Note 7.  Commitments and Contingent Liabilities

In the normal course of business, Pinnacle Financial has entered into off-balance sheet financial instruments which include commitments to extend credit (i.e., including unfunded lines of credit) and standby letters of credit. Commitments to extend credit are usually the result of lines of credit granted to existing borrowers under agreements that the total outstanding indebtedness will not exceed a specific amount during the term of the indebtedness.  Typical borrowers are commercial concerns that use lines of credit to supplement their treasury management functions, thus their total outstanding indebtedness may fluctuate during any time period based on the seasonality of their business and the resultant timing of their cash flows.  Other typical lines of credit are related to home equity loans granted to consumers.  Commitments to extend credit generally have fixed expiration dates or other termination clauses and may require payment of a fee.
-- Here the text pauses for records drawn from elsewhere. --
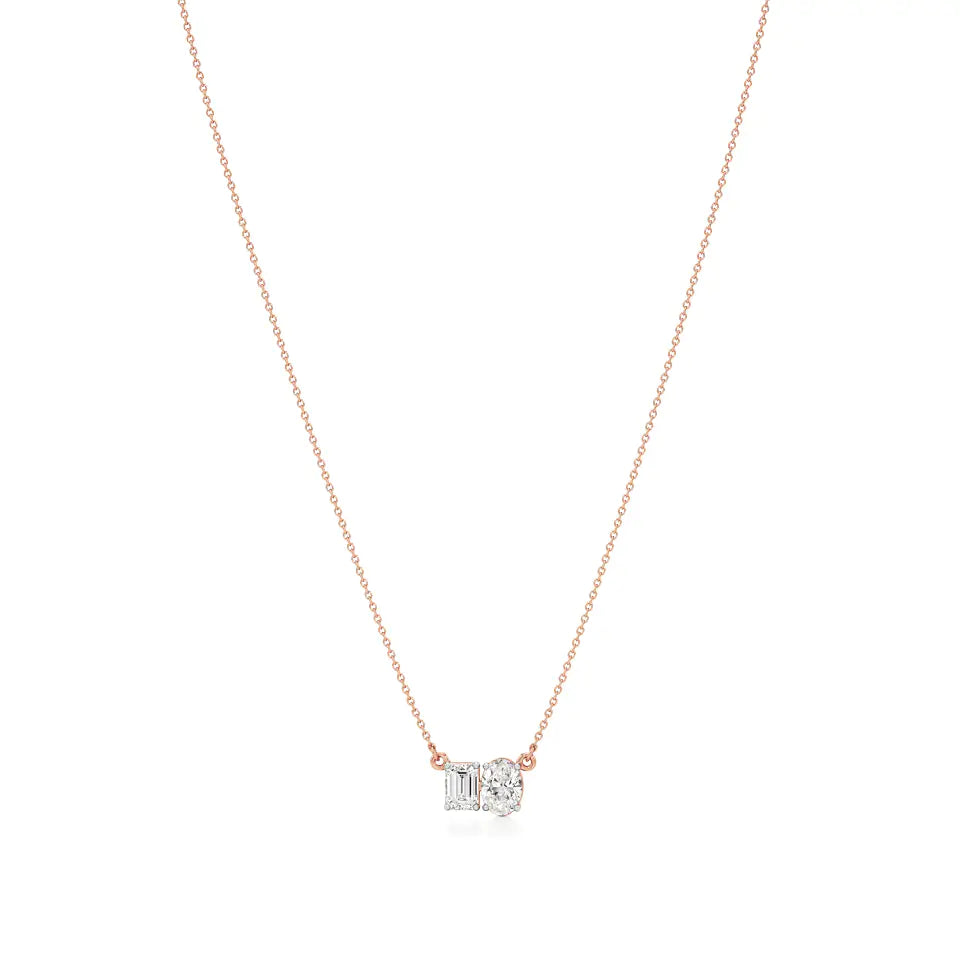 Toi et Moi | Emerald & Oval Lab Grown Diamonds Necklace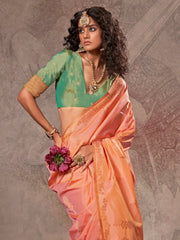 Captivating Orange Zari Weaving Silk Event Wear Saree With Blouse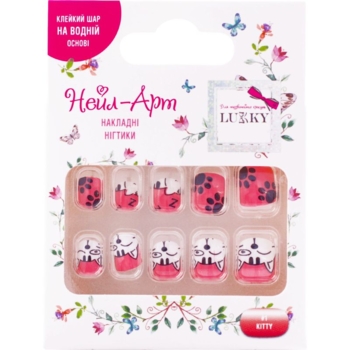 Детские накладные ногти Lukky Kitty многоразовые 10 шт. (T19422) - Pampik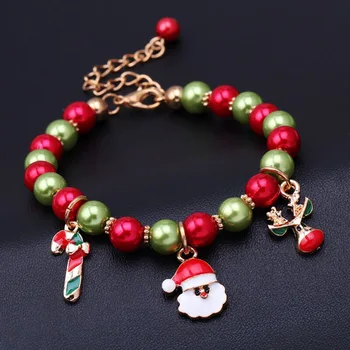 Bonito De Santa Claus Padent Pulseira Nova Moda Das Mulheres De Natal Vermelho/Verde Braceletes Frisados De Um Doce Cor Da Pulseira De Presente De Natal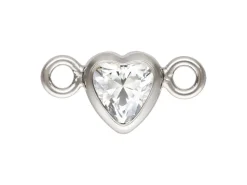 Sterling Silver Cubic Zirconia Heart Bezel Connector White, 3mm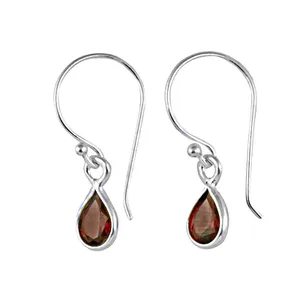 "925 Silver #Fashion# Garnet Teardrop Earrings for Women's Gift" - Product Image 1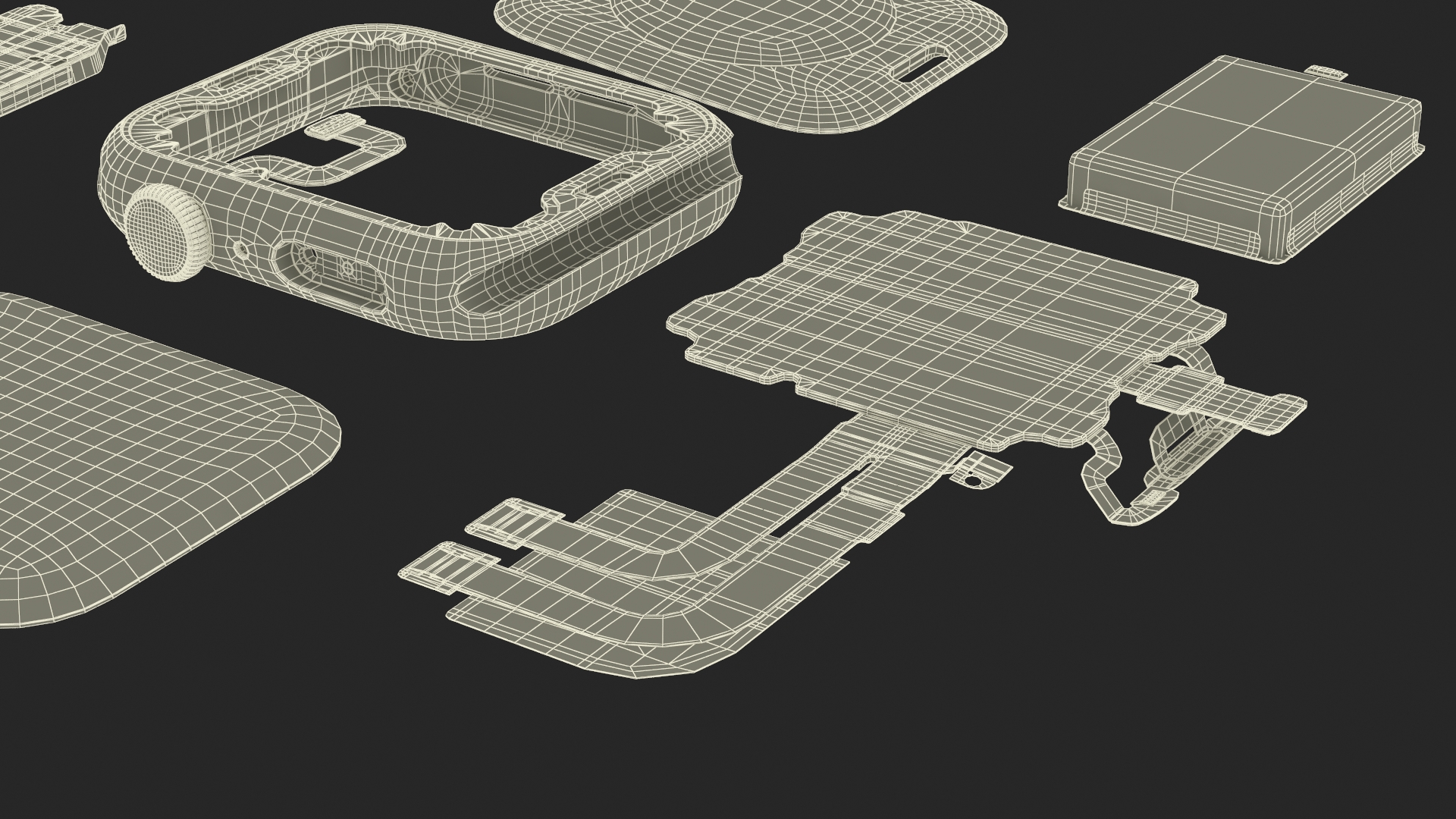 Disassembled Apple Watch SE 3D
Standby letters of credit are generally issued on behalf of an applicant (our customer) to a specifically named beneficiary and are the result of a particular business arrangement that exists between the applicant and the beneficiary.  Standby letters of credit have fixed expiration dates and are usually for terms of two years or less unless terminated beforehand due to criteria specified in the standby letter of credit.  A typical arrangement involves the applicant routinely being indebted to the beneficiary for such items as inventory purchases, insurance, utilities, lease guarantees or other third party commercial transactions.  The standby letter of credit would permit the beneficiary to obtain payment from Pinnacle Financial under certain prescribed circumstances.  Subsequently, Pinnacle Financial would then seek reimbursement from the applicant pursuant to the terms of the standby letter of credit.

Pinnacle Financial follows the same credit policies and underwriting practices when making these commitments as it does for on-balance sheet instruments.  Each customer’s creditworthiness is evaluated on a case-by-case basis, and the amount of collateral obtained, if any, is based on management’s credit evaluation of the customer.  Collateral held varies but may include cash, real estate and improvements, marketable securities, accounts receivable, inventory, equipment, and personal property.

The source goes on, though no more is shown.